Electrostatic coalescers use electrical fields to induce droplet coalescence in water-in-crude-oil emulsions to increase the droplet size. The squared dependence of droplet diameter in Stokes' law, increase the settling speed and destabilizes the emulsion. The effects on the water droplet arise from the very different dielectric properties of the conductive water droplets dispersed in the insulating oil. Water droplets have a permittivity that is much higher than the surrounding oil. Furthermore, water with dissolved salt is also a very good conductor. When an uncharged droplet is subjected to an AC electric field, the field will polarize the droplet, creating an electric field around the droplet to counteract the external field. As the water droplet is very conductive, the induced charges will reside on the surface. The droplet has no net charge but one positive and one negative side. Inside the droplet, the electric field is zero. When two droplets with induced dipoles get close to each other, they will experience a force pulling the droplets closer until they coalesce.

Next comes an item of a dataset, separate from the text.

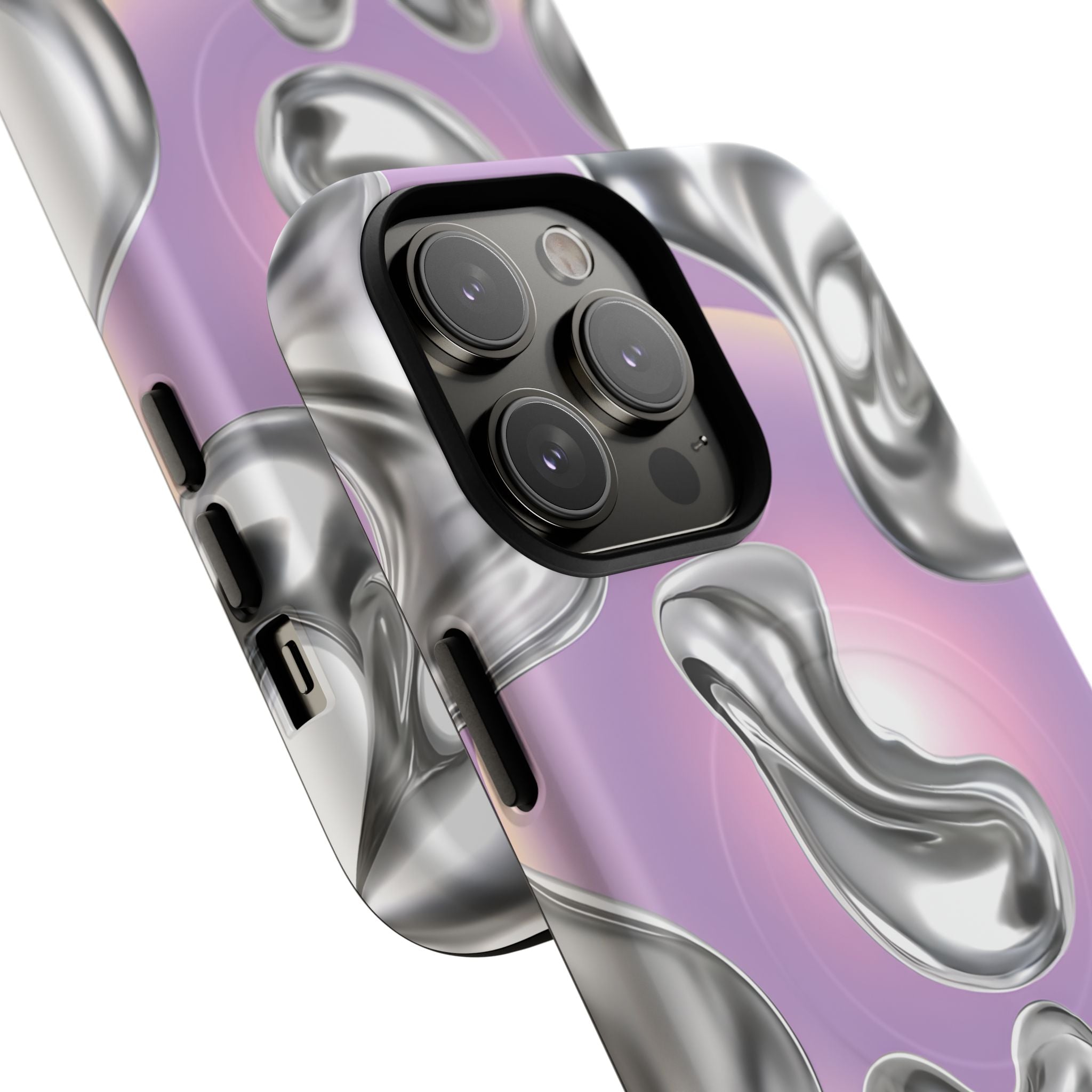 Metallic purple |  iPhone Case Fairy Dream | MagSafe Compatible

In oil production, co-produced water is mixed with the oil in choke valves and process equipment producing water-in-oil emulsions. The amount of water increases during the production life of the reservoir. The emulsions are destabilized using gravitational separators, and the settling rates are increased by applying heat, demulsifiers, and AC electric fields. The AC electric field gives rise to attractive forces between water droplets and increases the probability of coalescence at contact. According to Stokes' law, the settling rate increases proportionally with the square of the drop diameter. By promoting coalescence of small water droplets, the settling rate can be greatly increased. The water content is normally reduced to less than 0.5 vol% if this is the final treatment stage before the crude oil is exported.

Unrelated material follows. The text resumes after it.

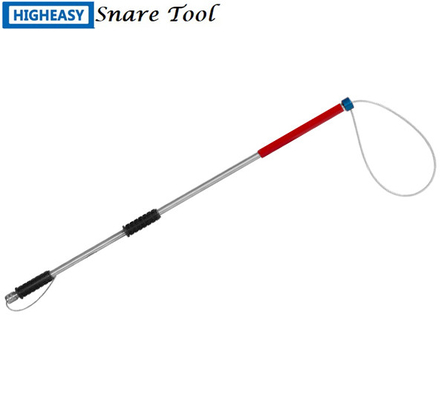 48" Snare Tool, Single Release Snare Tool, Stainless handle for heavy usage-HIGHEASY Snare tools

Typical electrostatic coalescers are large settling tanks containing electrodes and operate under laminar-flow conditions with bare electrodes that may be vulnerable to short circuiting. An alternative to this type of coalescer is a flow through pre-coalescer that is installed upstream in a separator tank. In the Compact Electrostatic Coalescer, droplet coalescence is achieved by applying AC electric fields (50–60 Hz) to water-in-oil emulsions under turbulent-flow conditions. The turbulence increases the collision frequency between the water drops. The electrodes are insulated to prevent short circuiting, and permit water contents of up to 40% as well as water slugs. The equipment is a separate flow-through electrostatic treatment section installed upstream of a gravity separator to improve the performance. By keeping the treatment and settling sections separate, a compact electrostatic coalescer can be obtained that can also be retrofitted.

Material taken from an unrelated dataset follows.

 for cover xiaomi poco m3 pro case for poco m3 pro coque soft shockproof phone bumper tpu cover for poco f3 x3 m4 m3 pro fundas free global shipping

Liquid-liquid coalescers are also widely used in the oil refining industry to remove the last traces of contaminants like amine or caustic from intermediate products in oil refineries, and also for the last stage dewatering of final products like kerosene (jet fuel), LPG, gasoline and diesel to less than 15 mW free water in the hydrocarbon phase. These coalescers are often electrostatic type, in which a DC electrical field encourages the water droplets to coalesce, thus settling by gravity.